» **PROMPT**
No pictures, nothing altered: return the data below.

» **STORED DATA**

# # # # # # #

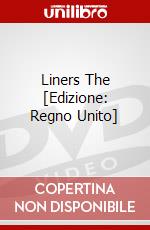 Liners The [Edizione: Regno Unito] dvd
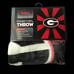 UGA Raschel Throw Blanket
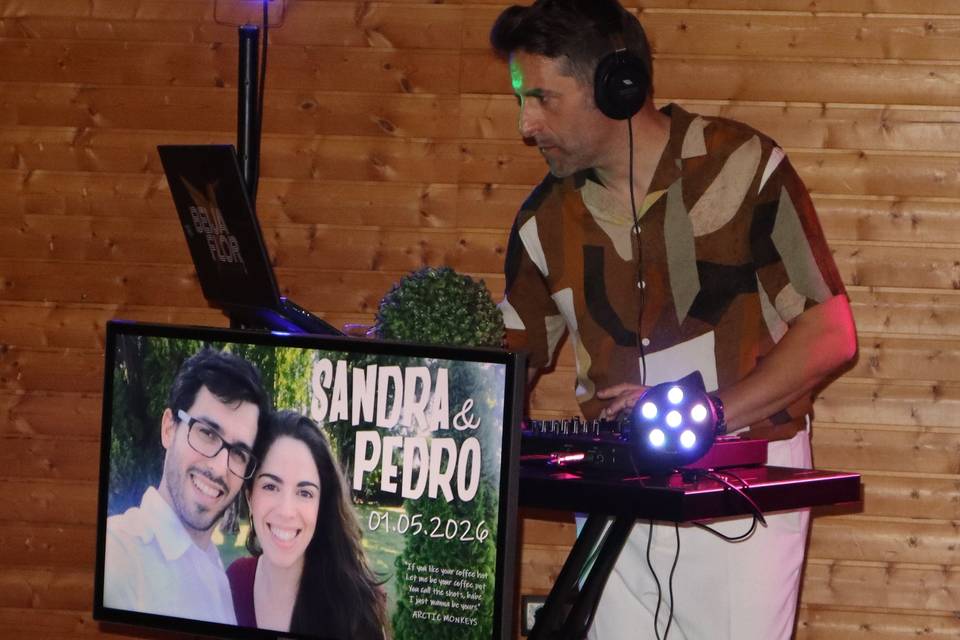 Pousio Eventos - 2026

# # # # # # #

» **ANSWER TO THIS TASK**
 Liners The [Edizione: Regno Unito] dvd
 UGA Raschel Throw Blanket
 Pousio Eventos - 2026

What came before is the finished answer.